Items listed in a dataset
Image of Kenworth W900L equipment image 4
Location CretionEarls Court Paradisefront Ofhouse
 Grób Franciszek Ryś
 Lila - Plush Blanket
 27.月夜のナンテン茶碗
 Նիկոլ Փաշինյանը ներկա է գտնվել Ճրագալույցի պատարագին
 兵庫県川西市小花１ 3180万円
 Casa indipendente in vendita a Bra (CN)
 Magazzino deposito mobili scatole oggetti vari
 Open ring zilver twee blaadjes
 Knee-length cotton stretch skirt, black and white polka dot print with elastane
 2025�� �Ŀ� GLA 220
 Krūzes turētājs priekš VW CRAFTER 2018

What is being asked: Please quote nothing but the lines from the line with "Casa indipendente in vendita a Bra (CN)" through the end of the data above, exactly as written, ends included.

Result:
 Casa indipendente in vendita a Bra (CN)
 Magazzino deposito mobili scatole oggetti vari
 Open ring zilver twee blaadjes
 Knee-length cotton stretch skirt, black and white polka dot print with elastane
 2025�� �Ŀ� GLA 220
 Krūzes turētājs priekš VW CRAFTER 2018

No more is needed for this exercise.